Ini Penyebab Garam Langka di Bone – Radar Bone

Radar Bone

Berita Terkini

Ini Penyebab Garam Langka di Bone

RADARBONE.CO.ID_WATAMPONE–Kelangkaan garam juga terjadi di daerah ini. Pedagang di Pasar Sentral Palakka pun berteriak karena tak mendapat suplai garam dari distributor. Tak hanya itu, kelangkaan garam ini dimanfaatkan pengusaha atau prodosen untuk mengeruk keuntungan secara sepihak, yakni dengan cara memainkan takaran garam yang salurkan ke pedagang.

Salah seorang pedagang di Pasar Sentral Palakka, Abdul Rasyid mengakui sejauh ini sulit mendapatkan pasokan garam untuk dijual. “Saat ini memang sudah lama tidak ada lagi yang membawakan kami garam di sini untuk dijual. Beberapa informasi yang saya dengar bahwa akan ada kenaikan harga, namun untuk saat ini saya jual dengan harga yang lama karena ini masih barang lama, yakni garam merek lambo berukuran 250 gram saya ecerkan dengan harga Rp1.000 per satu kemasan,” ungkapnya.

Diakui Rasyid, selain langka, garam kemasan merek Lambo yang ia jual, takarannya sudah dimainkan. “Sebelumnya dalam kemasan memang kelihatan penuh, tapi sudah beberapa waktu memang agak kelihatan berkurang, namun kami tidak pernah mencoba untuk mengukurnya karena kami di sini tidak beli perkilo dari mereka, melainkan kami beli perbal,” jelasnya.
Namun untuk mengobati rasa penasaran Rasyid, ia pun mencoba menimbang
garam merek Lambo berbobot 250 gram. Alhasil, ternyata di kemasan tertulis berat bersih 250 gram, tapi setelah ditimbang isinya cuma 150 gram.

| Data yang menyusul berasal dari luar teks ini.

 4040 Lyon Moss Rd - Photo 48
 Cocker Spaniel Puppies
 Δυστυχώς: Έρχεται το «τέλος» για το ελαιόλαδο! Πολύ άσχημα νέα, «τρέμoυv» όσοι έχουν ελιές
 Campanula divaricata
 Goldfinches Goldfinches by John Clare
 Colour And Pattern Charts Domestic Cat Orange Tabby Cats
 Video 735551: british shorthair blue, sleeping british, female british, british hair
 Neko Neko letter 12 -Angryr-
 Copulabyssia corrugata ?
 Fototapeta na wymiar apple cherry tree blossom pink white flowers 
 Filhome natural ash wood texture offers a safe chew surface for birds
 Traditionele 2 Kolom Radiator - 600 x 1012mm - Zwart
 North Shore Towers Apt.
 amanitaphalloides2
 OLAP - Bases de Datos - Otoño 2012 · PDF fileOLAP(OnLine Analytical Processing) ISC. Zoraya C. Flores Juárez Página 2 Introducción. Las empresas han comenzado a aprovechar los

Atau terjadi pengurangan 100 gram.

“Memang kalau ditimbang tidak sesuai dengan takaran yang tertulis karena takaran saat ditimbang hanya 150 gram sementara yang tertera di kemasan 250 gram. Ini ebenarnya sudah lama begini namun hanya saja baru terungkap,” bebernya.

Atas kecurangan tersebut, Rasyid pun berharap pemerintah daerah dan aparat penegak hukum bersinergi untuk mengatasi kecurangan yang dilakukan pengusaha.

“Dengan adanya kejadian ini tentunya pihak pemerintah harus turun tangan karena ini dapat merugikan orang banyak, karena dijual tidak sesuai dengan takaran. Kalau kami sebagai pedagang tidak jadi masalah karena kami tidak beli secara perkilo namun yang disayangkan masyarakat yang membeli,” pungkasnya.

Kapolres Bone, AKBP Muhammad Kadarislam Kasim SH SIK MSi yang dikonfirmasi RADAR BONE mengatakan, pihaknya telah menyikapi dugaan kecurangan permainan takaran garam yang dilakukan pengusaha.

“Menindak lanjuti laporan dari pedagang, sehingga anggota melakukan pengecekan di lapangan,” ungkapnya.
Hasilnya, kata Kadarisman, Satgas Pangan Polres Bone telah menggerebek sebuah gudang garam di Jl Jenderal Sudirman, Kelurahan Biru, Kecamatan Tanete Riattang, Kamis 27 Juli lalu. Dalam penggerebekan itu, lanjut Kadarisman pihaknya menemukan adanya dugaan permainan yang dilakukan oknum pengusaha garam, yakni permainan takaran dan penimbunan.